Robin Hanson has wondered why folks seem concerned about inequality based on some stuff, like race, gender, sexuality, ethnicity, and disability, but not other stuff, like height, appearance, intelligence, sleep, conscientiousness, and perhaps most importantly, happiness.
My explanation: Race, gender, sexuality, ethnicity, and disability are fairly discrete ways of classifying people. Most people (though not all) can be categorized fairly neatly in to a single race, birth gender, desired gender, and sexual orientation. By contrast, looks, smarts, and happiness all vary in a continuous fashion. For some/all of these characteristics, there's a bell curve--many people in the middle and fewer people at the extremes.
Why should this matter? One of the things that comes up a lot on this blog is how irrational people tend to get when talking about politics. For a really rousing political argument, you need group identification--hence the Greens and the Blues in Eliezer's original politics essay. How would that essay be different if everyone was a different shade of turquoise, somewhere on a continuum between blue and green?

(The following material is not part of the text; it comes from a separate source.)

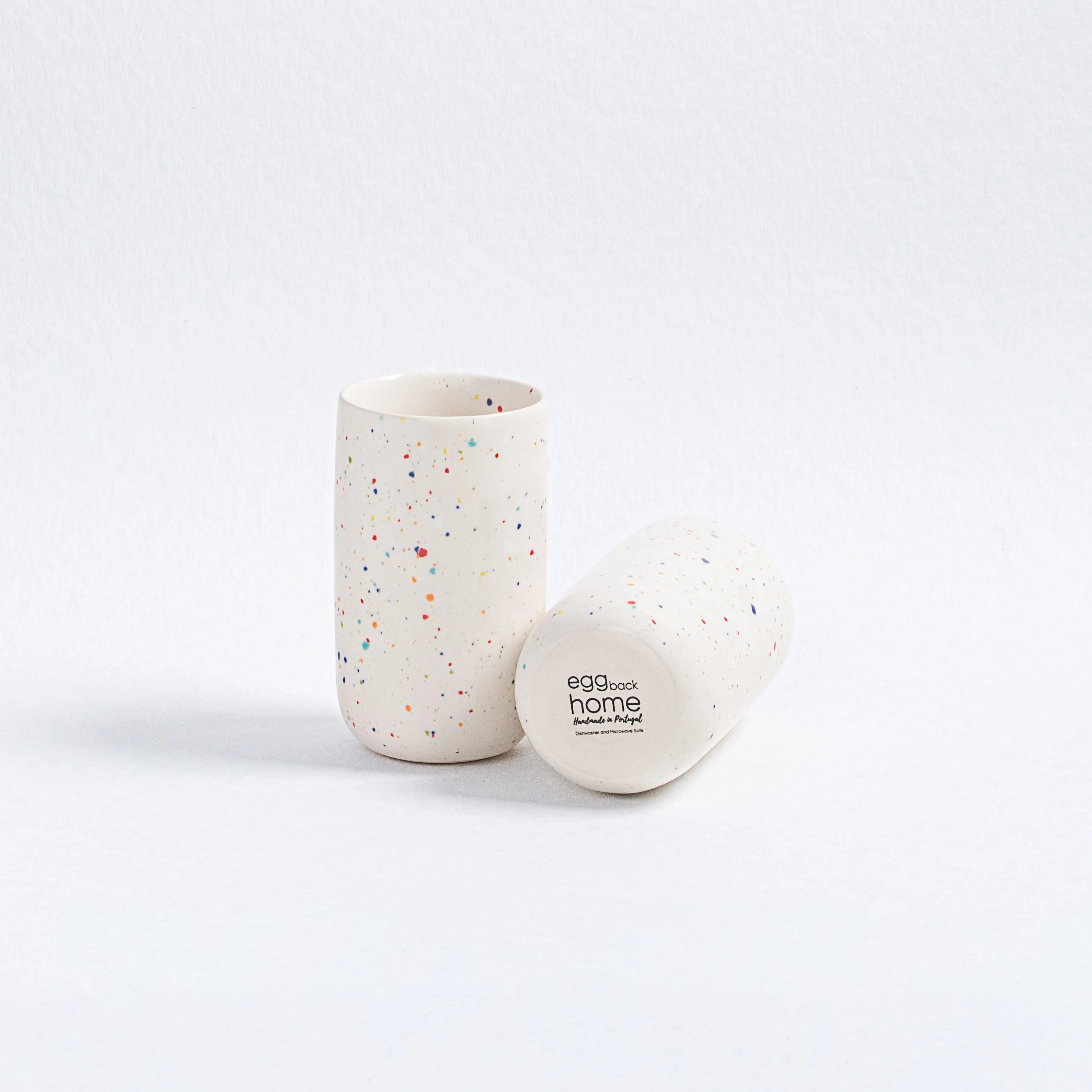 Party Long Cup 330ml – Handmade Cups by Egg Back Home - Kúbome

Or here's another thought experiment: Instead of height varying in a continuous fashion, everyone in society is either a Tall or a Short. Just like in the real world, taller people tend to make more money and assume more leadership roles, but instead of saying "he got the job because he's taller", people would say "he got the job because he's a Tall". How well do you think society would handle this? (BTW, looks like shorter people live longer, so height inequality may actually favor shorter folks on balance.)

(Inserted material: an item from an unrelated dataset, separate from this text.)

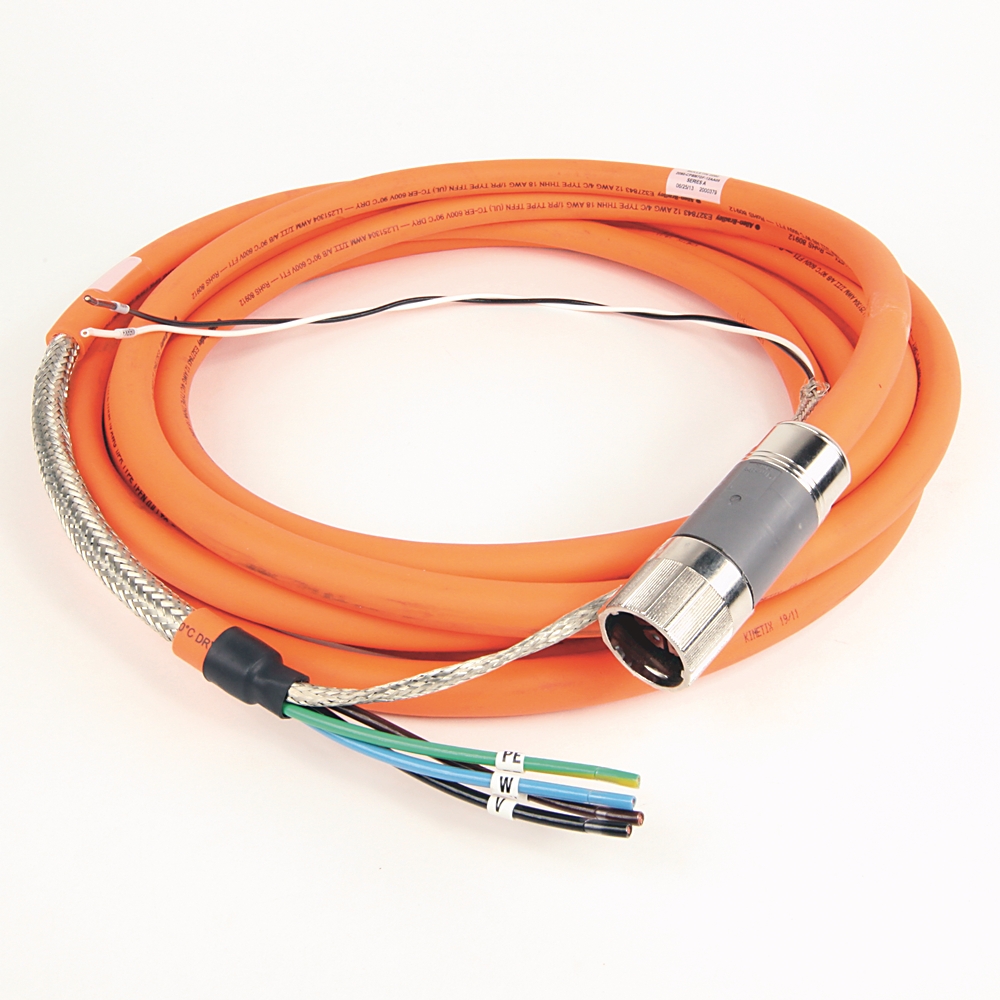 Allen-Bradley Allen-Bradley 2090-CPBM7DF-12AA05 MP-Series 5m Power and Brake Cable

Speculation on factional conflict and social distance
The hypotheses I'm advancing here is that an argument between, say, a radical feminist and a men's rights activist, is not all that different in kind from an argument between a Democrat and a Republican, an Israeli and a Palestinian, or a Hutu and a Tutsi. (Regarding gender in particular: factional conflicts may be harder to spot when almost every human is a member of one relevant faction or another. There's no big, neutral third party to say stuff like "wow, this is getting kinda out of hand".)
Why do people think about competing factions this way? Well, humans are social animals that evolved to live in tribes. Much hunter-gatherer violence was inter-tribal.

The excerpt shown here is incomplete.